Your direct signal will sound very dull and muddy compared to what you think a 'clean' guitar sound should sound like through an amp. Fear not! This isn't so bad, it means that a full spectrum of frequencies (including some muddy gunk at 200-300 Hz) will be in there! It's good stuff!

On the other hand, your friend may have been referring to mismatched impedance, which IS bad. If your soundcard's inputs are 'line level', you will not be able to simply plug your guitar into them. The Firepod and such devices DO have a pre-amp for instruments and microphones, so the 'bad sound' in that case would be like the above paragraph describes.

If it's terrible, will the online mixer correct this?
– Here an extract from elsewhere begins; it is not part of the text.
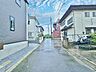外観：前道路含む現地現況。2026年9月初旬撮影。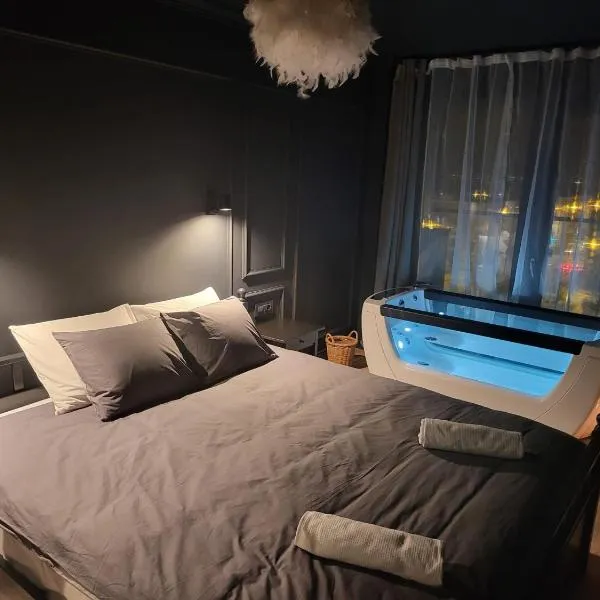 SPAre-Time - Exclusive and Unique Apartment! 18+, hotel in Oradea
The mixer inside a program like Cubase can help 'correct' this. However, what you REALLY need is a virtual amp, if you want to record direct. It will give your signal the proper frequency response, distortion, etc.. There are some good commercial options, and some fantastic free options, too. When you get your VST-compatible sequencer (ie. Cubase, Tracktion, Most others) I'll help you track down some amp sims.

Is my friend right about the condenser mic and external mixer?

Yes and no. He's right that you need external gear for a condenser mic. Condenser microphones operate using what's called "phantom power" which means that 48 volts are sent into the microphone via the mic cable. The power source is usually a mixer that is capable of supplying phantom power (any small mixer except the most basic of basic will do this), but you can also get phantom power from a small pre-amp or microphone direct box. A small mixer is probably the most flexible option, though, and it's not all THAT expensive. (see Dugz Ink's inexpensive recording gear thread)

Hope that helps.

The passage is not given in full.